We present a mixed-methods study to explore how large language models (LLMs) can assist users in the visual exploration and analysis of knowledge graphs (KGs). We surveyed and interviewed 20 professionals from industry, government laboratories, and academia who regularly work with KGs and LLMs, either collaboratively or concurrently. Our findings show that participants overwhelmingly want an LLM to facilitate data retrieval from KGs through joint query construction, to identify interesting relationships in the KG through multi-turn conversation, and to create on-demand visualizations from the KG that enhance their trust in the LLM's outputs. To interact with an LLM, participants strongly prefer a chat-based 'widget,' built on top of their regular analysis workflows, with the ability to guide the LLM using their interactions with a visualization. When viewing an LLM's outputs, participants similarly prefer a combination of annotated visuals (e.g., subgraphs or tables extracted from the KG) alongside summarizing text.

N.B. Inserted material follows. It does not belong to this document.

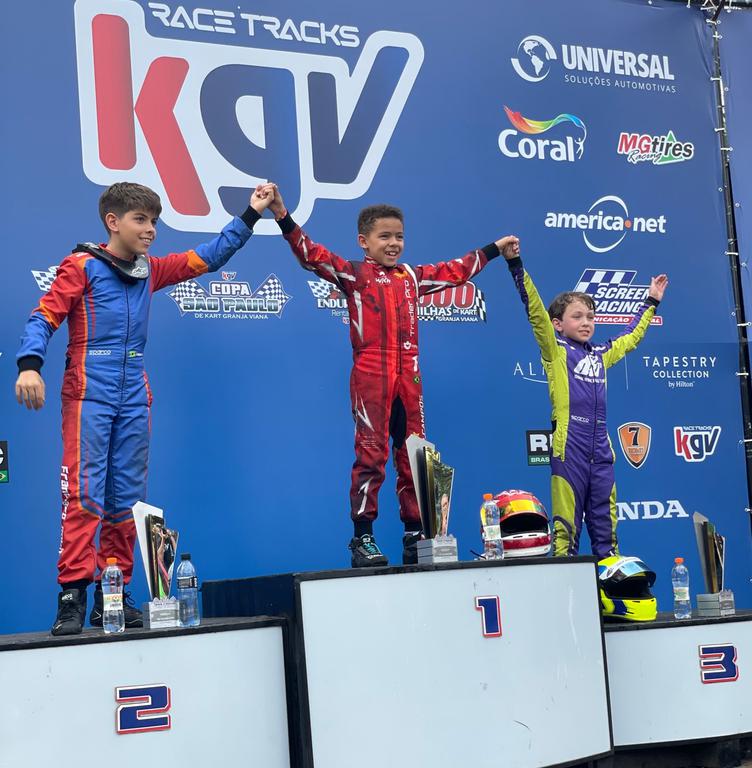 Pedro Campos repete desempenho do bi no Brasileiro e vence quatro provas na Copa São Paulo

However, participants also expressed concerns about an LLM's ability to maintain semantic intent when translating natural language questions into KG queries, the risk of an LLM 'hallucinating' false data from the KG, and the difficulties of engineering a 'perfect prompt.' From the analysis of our interviews, we contribute a preliminary roadmap for the design of LLM-driven knowledge graph exploration systems and outline future opportunities in this emergent design space.

Figures (4)

• Figure 1: Distribution of responses from participants on which tasks or analytic goals they want an LLM to help facilitate when using a KG. We discuss each of these tasks in Section \ref{['sec:tasks']}.
• Figure 2: A wireframe design, informed by participants' responses (Section \ref{['sec:justify']}), showing an LLM's outputs with built-in justification. On the left side, the user asks about connections between two nodes in the KG. The LLM responds with a list of target entities that connect the two nodes. On the right, the subgraph visualization from the KG shows the simplified paths between the nodes. When the user clicks on Node X, the panel on the bottom shows the original data source. Participants remarked that this type of design could help them examine true connections in the source data, thus making them more aware of the validity of an LLM's responses. We discuss the workflow for this system in Section \ref{['sec:workflow']}.

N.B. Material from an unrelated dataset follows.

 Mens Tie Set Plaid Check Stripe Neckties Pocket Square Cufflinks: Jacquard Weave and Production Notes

• Figure 3: Responses from participants on how they would prefer to interface with the LLM (top) and how they would prefer the LLM to return its results when interfacing with the KG (bottom). We discuss each of these modalities in Section \ref{['sec:design-considerations']}.
• Figure 4: Results of our participants' responses on what weaknesses an LLM might hold when helping users interface with a knowledge graph. We discuss further in Section \ref{['sec:weaknesses']}.